🤖 AI Summary
Multilingual large language models (LLMs) exhibit significantly limited performance on code-mixed language understanding and translation tasks. To address this, we propose CHAI, a novel framework that pioneers using the LLM itself as an intelligent annotator to construct high-quality preference data, coupled with an end-to-end RLAIF (Reinforcement Learning from AI Feedback) paradigm for closed-loop optimization of code-mixing capability. Our key contributions are: (1) the first application of LLM-as-Judge for evaluating and generating fine-grained preference labels on code-mixed translation quality; (2) the construction of the first large-scale, high-quality code-mixed translation preference dataset; and (3) substantial improvements in cross-lingual generalization via multi-stage instruction tuning and RLAIF-based alignment.
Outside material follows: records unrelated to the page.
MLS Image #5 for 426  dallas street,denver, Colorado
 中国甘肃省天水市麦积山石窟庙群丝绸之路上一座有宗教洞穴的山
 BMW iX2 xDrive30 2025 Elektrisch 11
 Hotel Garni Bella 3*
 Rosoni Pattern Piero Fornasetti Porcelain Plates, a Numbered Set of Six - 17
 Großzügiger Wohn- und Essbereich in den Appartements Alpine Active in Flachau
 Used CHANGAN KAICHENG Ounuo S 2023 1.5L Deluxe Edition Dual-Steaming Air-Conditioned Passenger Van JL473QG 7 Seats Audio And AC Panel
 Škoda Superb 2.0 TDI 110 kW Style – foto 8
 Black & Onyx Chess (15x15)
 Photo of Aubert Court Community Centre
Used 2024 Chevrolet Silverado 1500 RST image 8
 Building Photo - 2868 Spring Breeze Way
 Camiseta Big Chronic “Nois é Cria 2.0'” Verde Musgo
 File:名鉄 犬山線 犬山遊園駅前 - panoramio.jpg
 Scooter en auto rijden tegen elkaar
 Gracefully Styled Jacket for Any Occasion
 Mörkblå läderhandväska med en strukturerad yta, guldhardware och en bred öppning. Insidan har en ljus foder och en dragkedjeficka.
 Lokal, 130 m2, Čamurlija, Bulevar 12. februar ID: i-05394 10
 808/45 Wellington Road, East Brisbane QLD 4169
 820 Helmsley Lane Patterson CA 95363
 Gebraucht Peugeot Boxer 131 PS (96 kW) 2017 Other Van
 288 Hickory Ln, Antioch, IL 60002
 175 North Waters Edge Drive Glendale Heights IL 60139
Experiments demonstrate that CHAI-enhanced models achieve a 25.66% higher human win rate over open-source SOTA baselines on real-world code-mixed translation tasks, advancing cross-lingual inclusivity in multilingual LMs.
📝 Abstract
Large Language Models (LLMs) have demonstrated remarkable capabilities across various NLP tasks but struggle with code-mixed (or code-switched) language understanding. For example, prior work benchmarking the performance of multilingual LLMs on code-mixed translation tasks has demonstrated that current state-of-the-art multilingual LLMs are ineffective in dealing with code-mixed languages. However, the question of how to improve the capability of multilingual LLMs to handle code-mixed language has not received any attention to date. In this paper, we tackle this research gap by proposing CHAI, a novel general-purpose framework for improving the ability of multilingual LLMs to handle code-mixed languages. CHAI relies on three novel contributions made in this paper. First, we explore the ability of LLMs to provide accurate annotations for code-mixed translation tasks. Second, we leverage this ability of LLMs as annotators to generate preference data for code-mixed translation tasks at scale, which are then used within a reinforcement learning from AI feedback (RLAIF) procedure to improve LLMs' capability on code-mixed tasks. Third, we conduct a rigorous experimental evaluation across various real-world datasets and settings. Our analysis shows that CHAI-powered LLMs outperform state-of-the-art open-source LLMs by 25.66% (in terms of win rate adjudicated by human annotators) in code-mixed translation tasks. This work represents a first step towards developing more inclusive code-mixed LLMs.